As US voters look to the November midterms, the Trump administration is obsessed with looking back to past elections, seizing ballots cast years ago in several states in search, it claims, of fraud or other malfeasance. But experts believe the goal may be more varied.
The seizures began in January when FBI agents armed with a warrant raided an election facility in Fulton County, Georgia, and grabbed 600 boxes of ballots from 2020. This was followed in March by the Department of Justice obtaining ballot images from 2020 in Maricopa County, Arizona, and—citing claims about supposed fraud in 2020—demanding ballots from the 2024 election in Wayne County, Michigan.
These federal seizures have even trickled down to the local level. In March, a Republican sheriff in California obtained a warrant to seize about 650,000 ballots from a statewide redistricting election held in November. He announced, with no evident authority to do so, that his deputies would conduct a recount.
Election experts fear the trend could grow, creating widespread chaos after the midterms, if courts fail to scrutinize what appear to be politically motivated requests from groups intent on undermining election outcomes they don’t like.
“It’s really important for the public, for grand juries, for judges to not allow these actions … to become some kind of precedent,” says Gowri Ramachandran, director of elections and security at the Brennan Center for Justice. “This is not, and shouldn’t be, a rubber-stamp issue.”
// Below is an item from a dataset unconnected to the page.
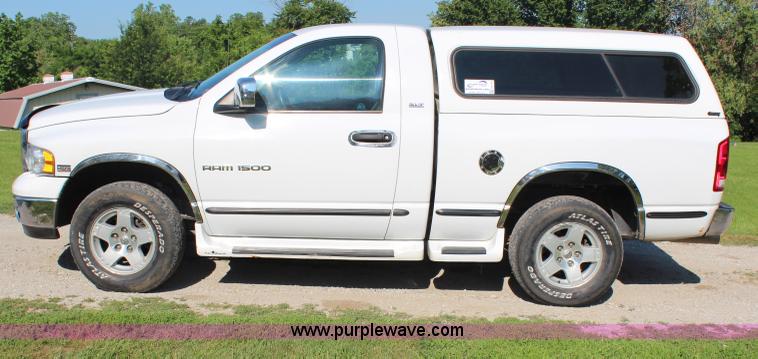 image for item H6730 2005 Dodge Ram 1500 SLT pickup truck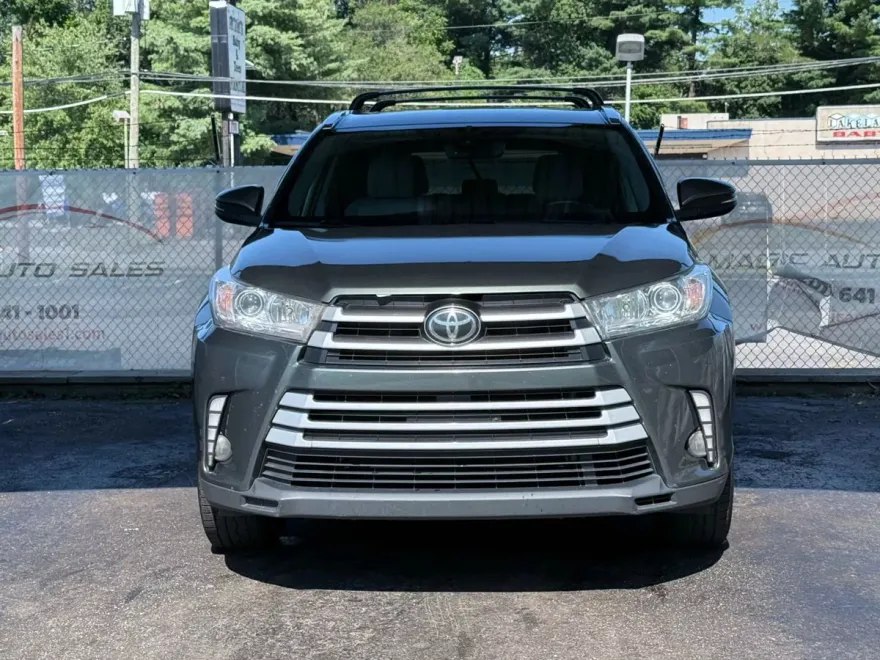 2019 Toyota Highlander SE Sport photo 1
It’s difficult to know for certain what parties seizing ballots aim to achieve. The DOJ could be fishing for evidence of fraud to legitimize President Trump’s claims that the 2020 election was stolen from him. Or it could be sending a message to voters and election officials that the federal government controls elections, despite the Constitution saying otherwise. The seizures may also be trial balloons to see how courts, election officials, and the public react. If the response is weak, it could embolden the administration to seize ballots after the midterms.
“There is understandable concern that this is a dry run for going after ballot seizures in an ongoing election,” says Anna Baldwin, director of voting rights litigation at Campaign Legal Center. “Obviously the concern is you now have highly placed election denialists within the federal government who have the ability to use the enormous power the federal government has, and to abuse it.”
A Justice Department spokesperson said that the department “is committed to upholding the integrity of our electoral system and will continue to prioritize efforts to ensure all elections remain free, fair, and transparent.”
The White House provided only a lengthy statement about the right of the federal government to obtain voter-registration data, which included a push for Congress to pass the SAVE America Act.
It’s no surprise that the seizures have focused on three critical battleground states that have been in the sights of Trump and election deniers since 2020. The midterm results in Arizona, Georgia, and Michigan aren’t just important because they could affect which party controls Congress, though: These three states are among more than three dozen with races for state offices responsible for overseeing elections or interpreting election laws. Noted “election deniers” are running in some of the races.
Fulton County, Georgia
Of all the seizures, the Fulton County case has received the most attention. In 2020, Joe Biden barely won Georgia by 0.23 percent, after which Trump phoned Georgia secretary of state Brad Raffensperger—a Trump supporter at the time—to pressure him to “find” more votes across the state to overturn Biden’s win. Raffensperger refused, and he and other Georgia officials have since been in the sights of Trump and the election denial movement. Fulton County, a Democratic stronghold and the state’s most populous county, has been a particular focus.
On January 28, FBI agents armed with a warrant raided a Fulton County election office and seized paper ballots from the 2020 election, as well as digital scans of the ballots, receipts from tabulator machines, and voter rolls. The government claims the material is part of a criminal investigation into how county officials and workers handled the 2020 election, and has since demanded the names, home addresses, and other personal information for election staff, poll workers, and volunteers.